Mercedes-Benz “Concept IAA”: Daimler erhöht seine Dividende besonders stark. Bild: FAZ

24 der 30 Gesellschaften erhöhen die Dividende. 3 Prozent Rendite bringen allein die Ausschüttungen. Doch die meisten Deutschen lassen ihr Geld lieber kaum verzinst auf Sparbuch oder Konto.

          Die großen deutschen Aktiengesellschaften planen in diesem Jahr Gewinnausschüttungen an ihre Aktionäre von gut 31 Milliarden Euro. Kommt es tatsächlich so, wäre das ein neuer Rekord. Verhindern könnte das noch vor allem Volkswagen. Dies ist neben SAP das einzige Dax-Unternehmen, das seinen Aktionären noch keinen Dividendenvorschlag gemacht hat. Während aber bei SAP die Unwägbarkeiten gering sind – die meisten Analysten rechnen mit einer moderat höheren Dividende –, ist bei VW die Spannung groß. Der ursprünglich angesetzte Termin für die Bilanzvorlage samt Dividendenvorschlag fiel aus. Nun soll am 28. April berichtet werden. Die Hauptversammlung findet deshalb nicht wie geplant am 21. April, sondern erst am 22. Juni in Hannover statt. Später ist nur der Dax-Neuling ProSieben Sat 1 am 30. Juni dran.

          Daniel Mohr

          Redakteur der Frankfurter Allgemeinen Woche.

          Was VW seinen Aktionären genau vorschlagen wird, darüber gehen die Schätzungen weit auseinander. Vergangenes Jahr bekamen die Vorzugsaktionäre noch 4,86 Euro je Aktie, nun wird mit durchschnittlich 2,81 Euro gerechnet. Würde die Dividende wider Erwarten sogar ganz ausfallen, dann wäre auch der neue Dax-Dividendenrekord dahin, der nach aktuellen Schätzungen 800 Millionen Euro über dem Vorjahr liegt.

          Den Anstieg verdankt der Dax jenen 24 Unternehmen, die ihren Aktionären höhere Dividenden vorschlagen. Allen voran schreitet Daimler, die ihre Gewinnbeteiligung kräftig von 2,45 auf 3,25 Euro je Aktie erhöhen wollen und mit einer Ausschüttungssumme von fast 3,5 Milliarden Euro erstmals alle anderen Unternehmen übertreffen. Der Konzern konnte aber auch seinen Gewinn kräftig erhöhen und hat 2015 unter dem Strich knapp 9 Milliarden Euro verdient. Auf Platz zwei fällt die Allianz zurück, die zwar auch die Dividende erhöht, aber eben nur moderat und nun auf knapp 3,4 Milliarden Euro kommt.

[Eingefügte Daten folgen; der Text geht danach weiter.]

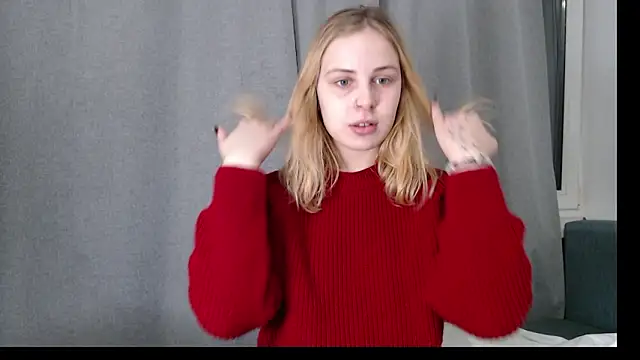 Alismoona online show from February 22, 2026, 8:29 pm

          Interessanter ist für viele Aktionäre die Dividendenrendite, also die Höhe der Ausschüttung in Relation zum Aktienkurs. Hier liegt der Energieversorger Eon mit knapp 6 Prozent noch vor Allianz und Daimler an der Spitze. Es ist jedoch ein zweifelhaftes Vergnügen für die Aktionäre, da die Rendite vor allem deshalb so hoch ist, weil der Aktienkurs stark gefallen ist. Die Dividende bleibt trotz Rekordverlust mit 50 Cent je Aktie konstant.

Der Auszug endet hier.